## About this exercise
Using the records below, write out only the lines from the line containing "Chow chow Nin-T'sun" up to and including the line containing "Visitantes observando venados", exactly, with no pictures.

## Data to examine
-- Opening Marker --
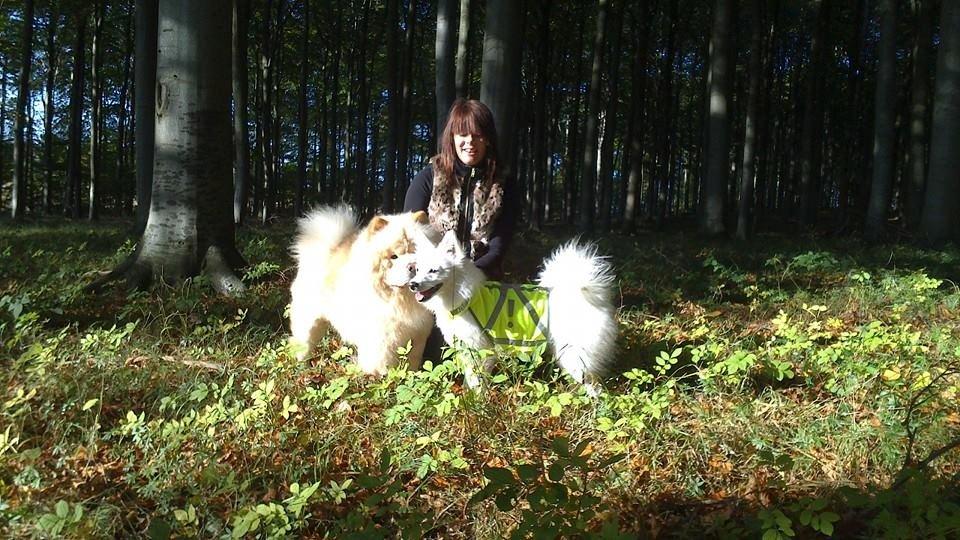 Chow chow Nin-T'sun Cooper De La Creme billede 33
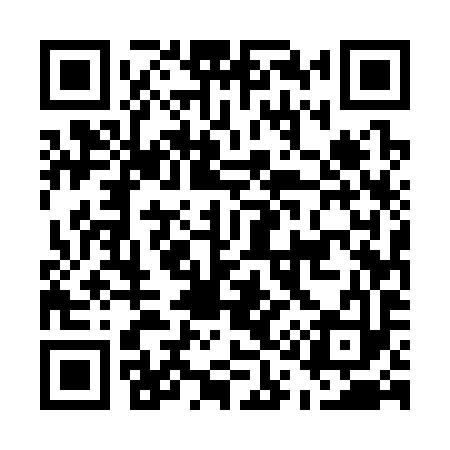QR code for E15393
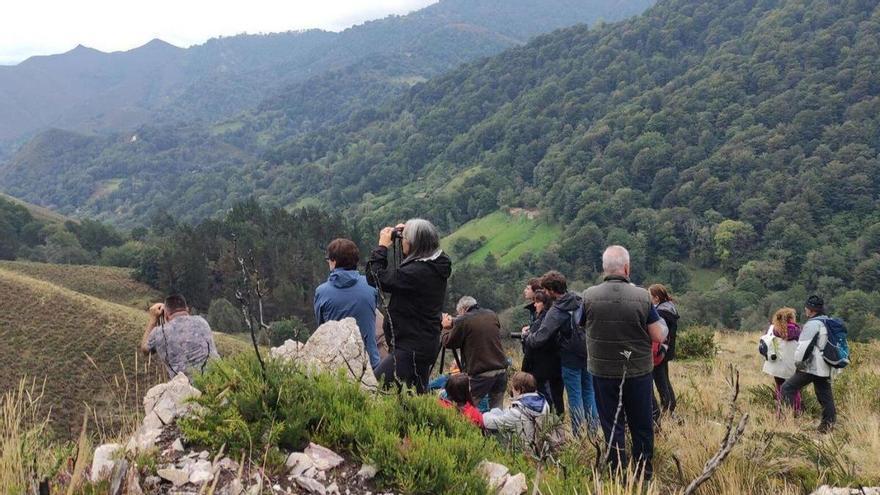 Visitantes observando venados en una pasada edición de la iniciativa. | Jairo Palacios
-- Closing Marker --
-- Opening Marker --
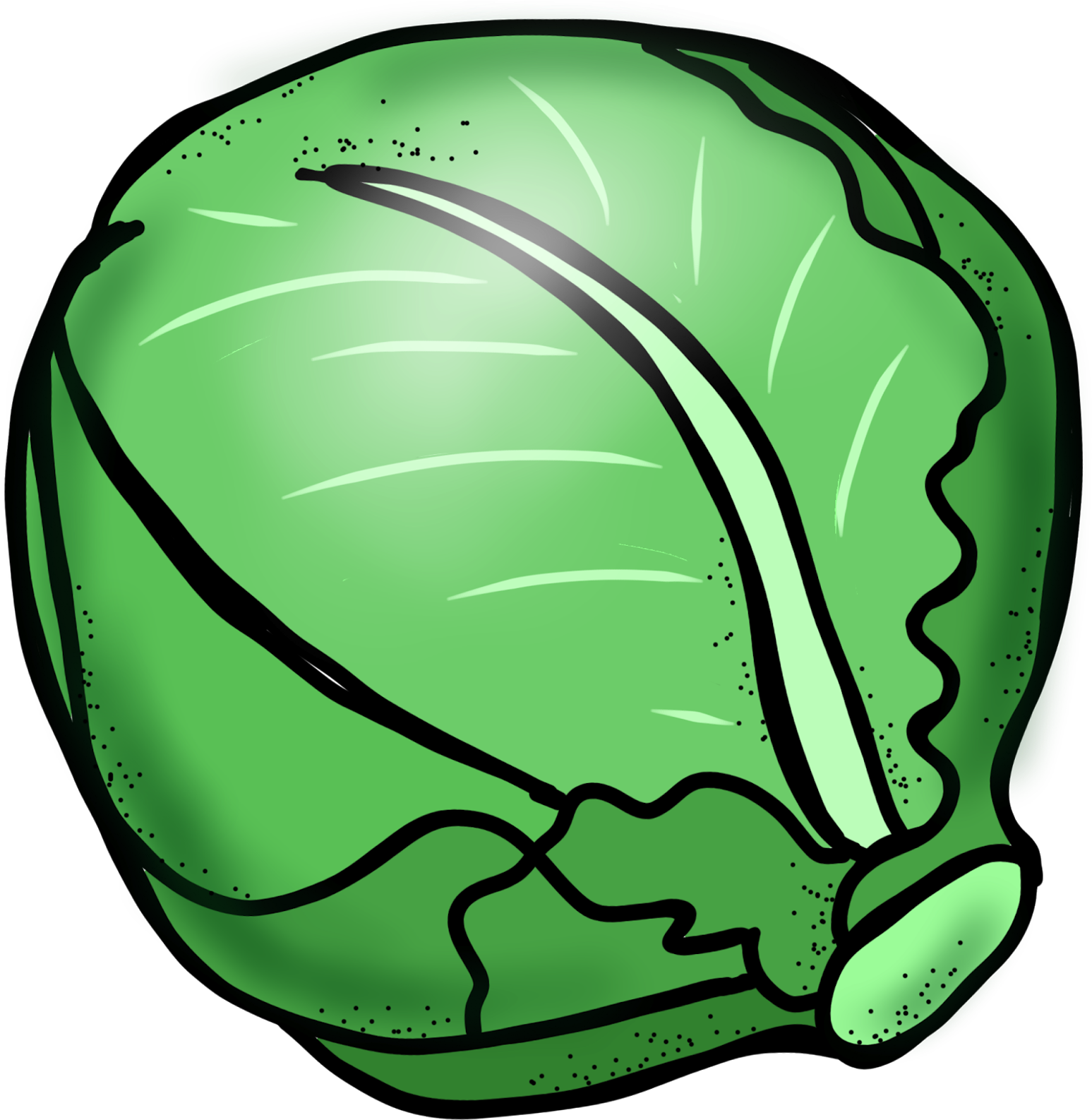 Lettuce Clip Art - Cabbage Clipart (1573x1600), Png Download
-- Closing Marker --
## Exercise answer
 Chow chow Nin-T'sun Cooper De La Creme billede 33
QR code for E15393
 Visitantes observando venados en una pasada edición de la iniciativa. | Jairo Palacios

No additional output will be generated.